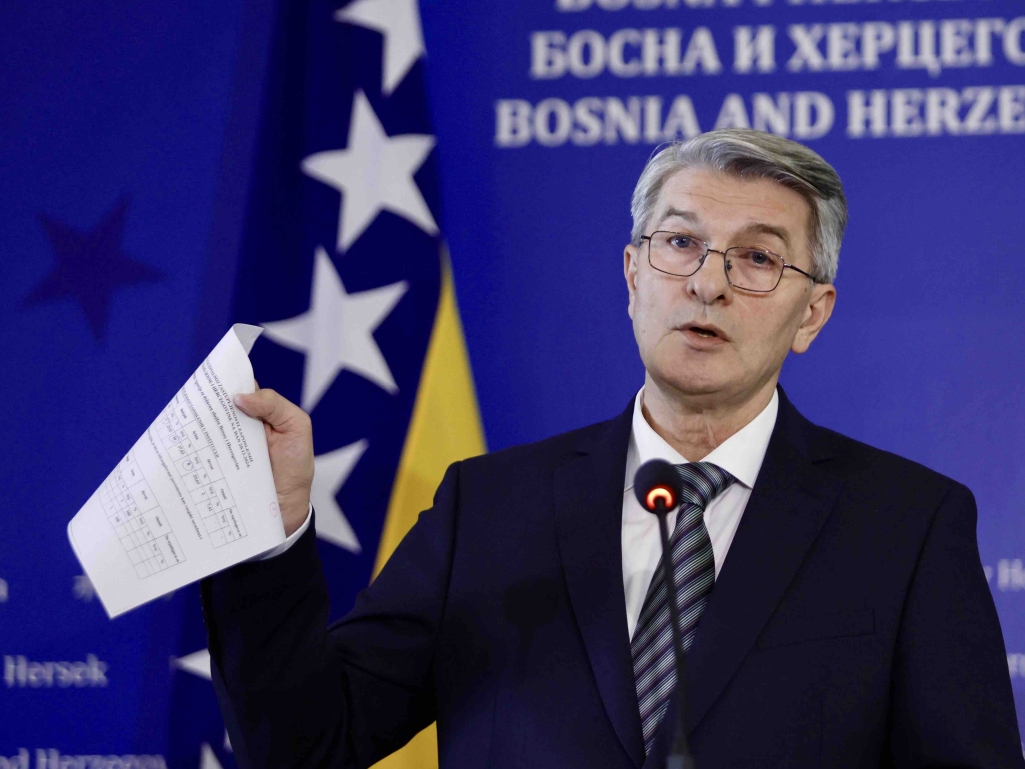Mehmedović: SNSD i HDZ kontrolišu 81% državnih institucija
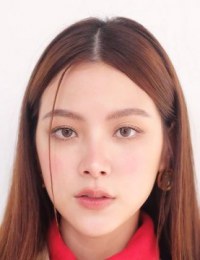 Фото актера Байферн Пимчанок Луэвисетпайбул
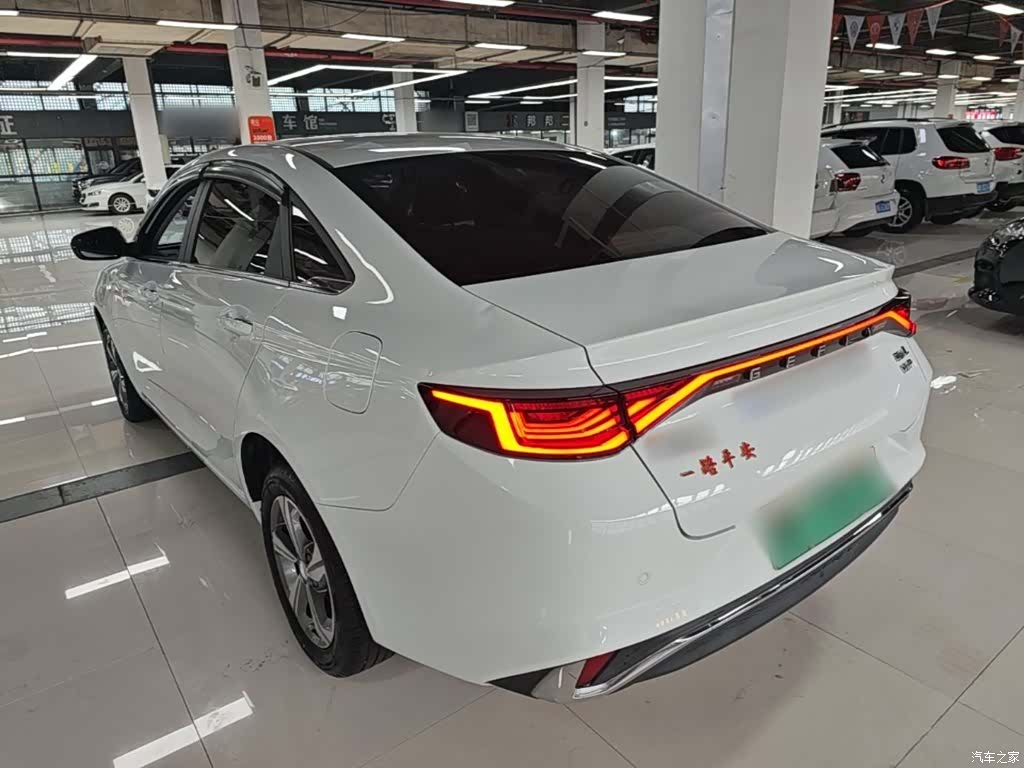 Geely Emgrand, 2023 все фото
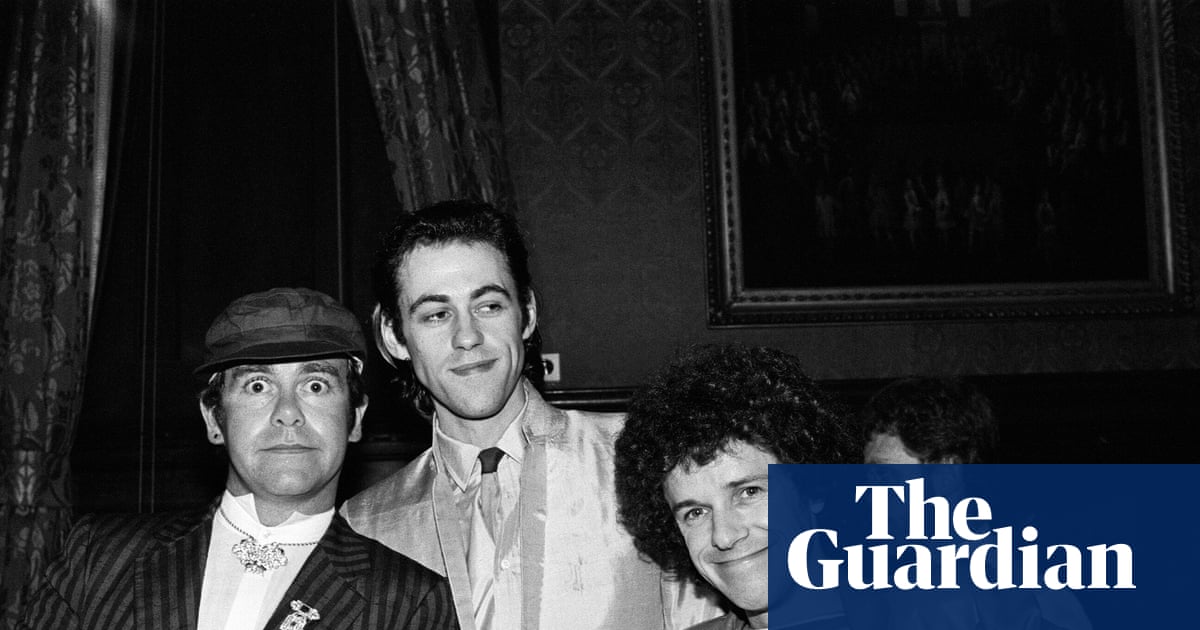 The unbelievable life of Leo Sayer! The songs, the sex, being swindled – and a spooky phone call from Elvis | Leo Sayer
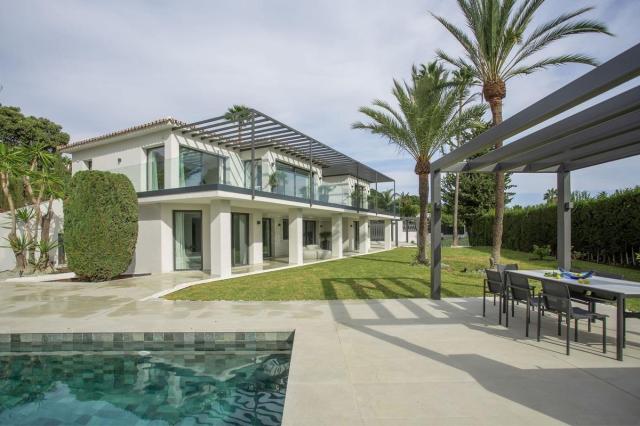 6 bedroom Villa in Marbella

» PROBLEM TO WORK ON
The answer must be the lines above from the line that contains "Фото актера Байферн Пимчанок Луэвисетпайбул" to the final line of the data, word for word, with no pictures.

» RESPONSE TO THE TASK
 Фото актера Байферн Пимчанок Луэвисетпайбул
 Geely Emgrand, 2023 все фото
 The unbelievable life of Leo Sayer! The songs, the sex, being swindled – and a spooky phone call from Elvis | Leo Sayer
 6 bedroom Villa in Marbella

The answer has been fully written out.